Gas-assisted molding uses gas, usually nitrogen, to push out melted plastic against the mold walls and create a hollow, finished part. Gas-assist cuts resin costs, but in the case of the long, wood-filled spindles, the gas is needed just to fill the part properly, Joyce said.
The spindles are made of high density polyethylene and polypropylene filled with 40 percent wood flour. That highly loaded material has to pack into a very long, thin spindle up to 36 inches long.
Joyce said wood composites cool down quickly once inside the mold.
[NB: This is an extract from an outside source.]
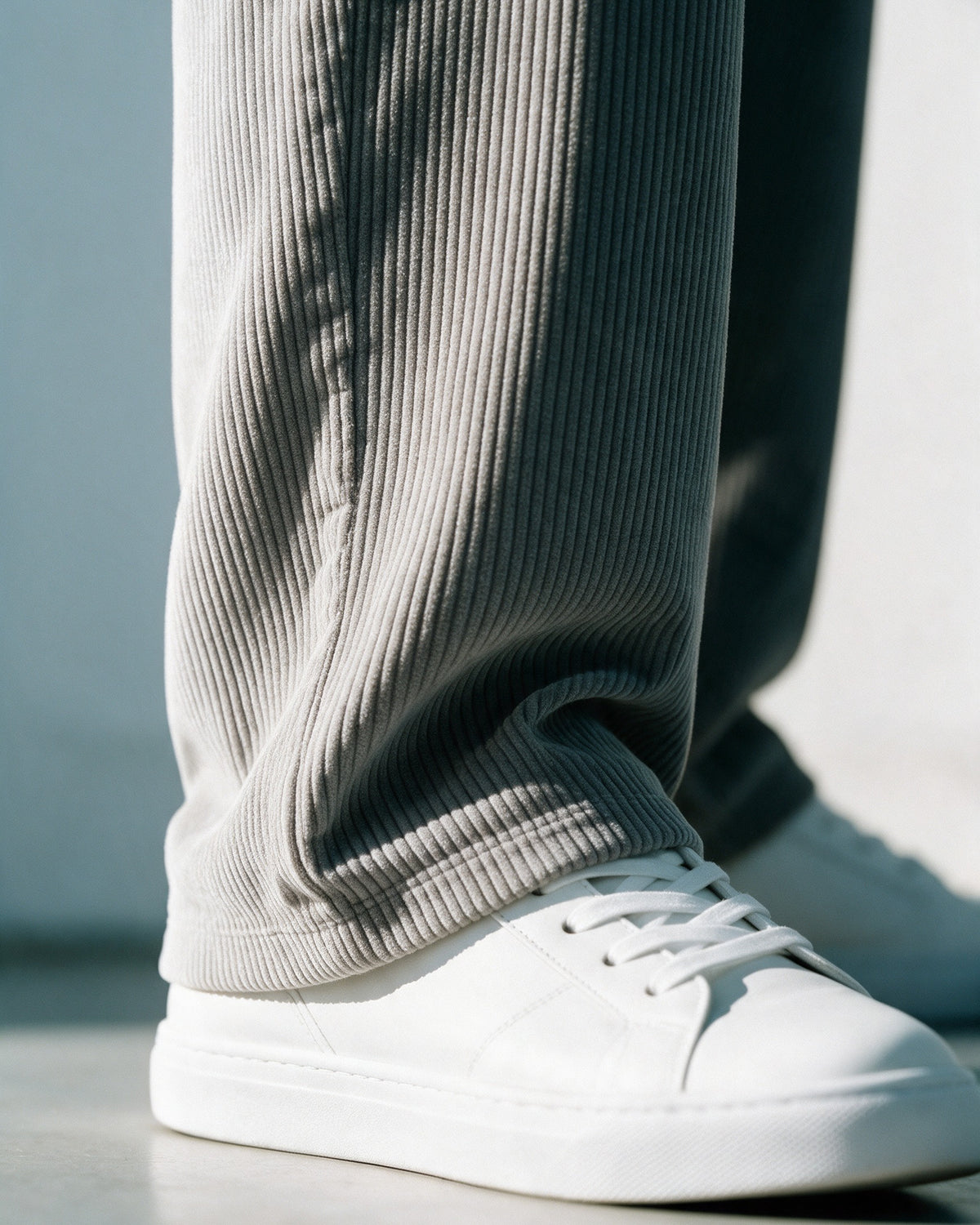 Wide leg falling over the shoe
If the melt sets up too fast, that can cause problems with flow marks, or even lack of flow, when using traditional injection molding.
``It's cooling before you're even starting to push it,'' he said. ``But with the gas-assist process, you have the ability to push that material right into the mold.''
The gas quickly packs out the part, giving a good surface appearance. The wood is encapsulated in the plastic.
As sales rocket for wood composite decking, demand also has grown for matching railing. Other wood-plastic spindles are made by first extruding or blow molding the basic shape, then post-forming it into a contoured spindle. But Joyce said that process can tear the wood fibers or create condensation inside the part.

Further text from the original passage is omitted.